* [Instructions for the task]: All lines from the one bearing "Halloween Cartoon Print" through the end of the data below must be printed exactly as they stand, with pictures removed.

* [Data]:
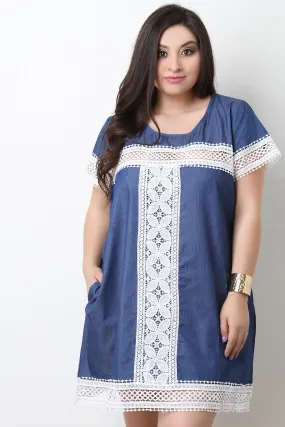 Crochet Detailed Denim Pocket Shift Dress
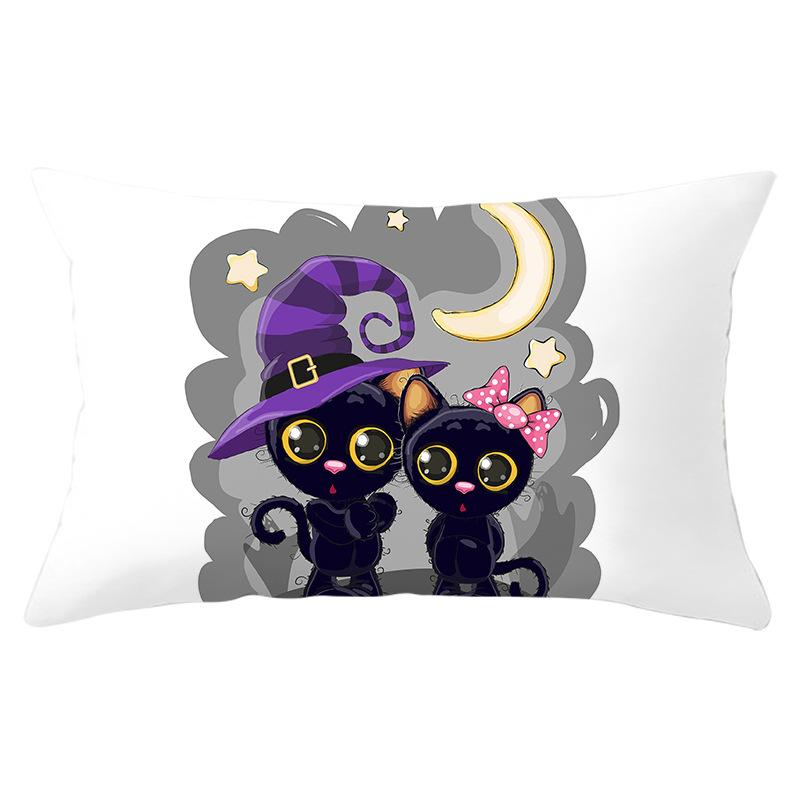 Halloween Cartoon Print Series Peach Skin Waist Pillow Cover Sofa Cushion Cover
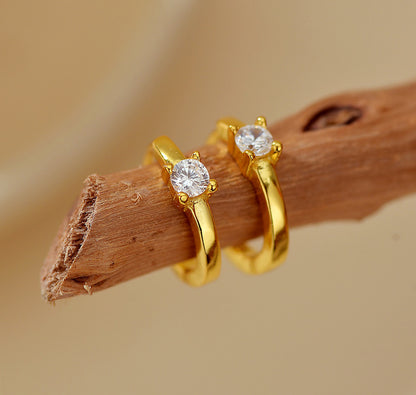 Solitaire Spark Hoop Earrings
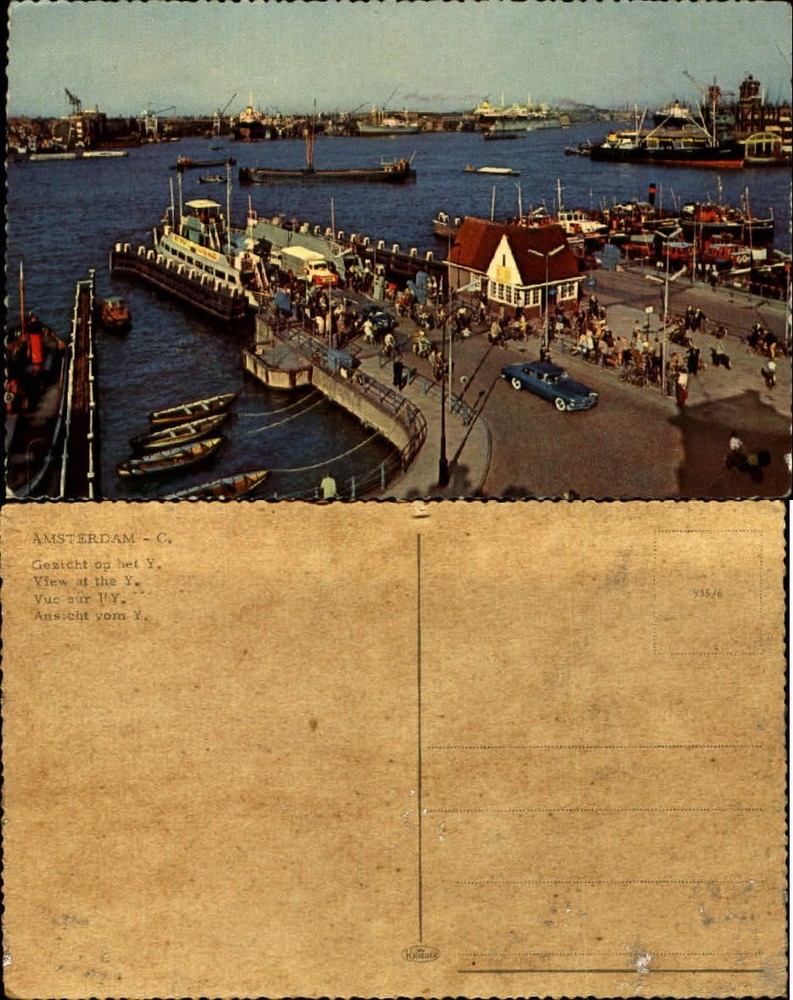 Amsterdam Netherlands pier ferry boat chrome vintage postcard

* [Response for this exercise]:
 Halloween Cartoon Print Series Peach Skin Waist Pillow Cover Sofa Cushion Cover
 Solitaire Spark Hoop Earrings
 Amsterdam Netherlands pier ferry boat chrome vintage postcard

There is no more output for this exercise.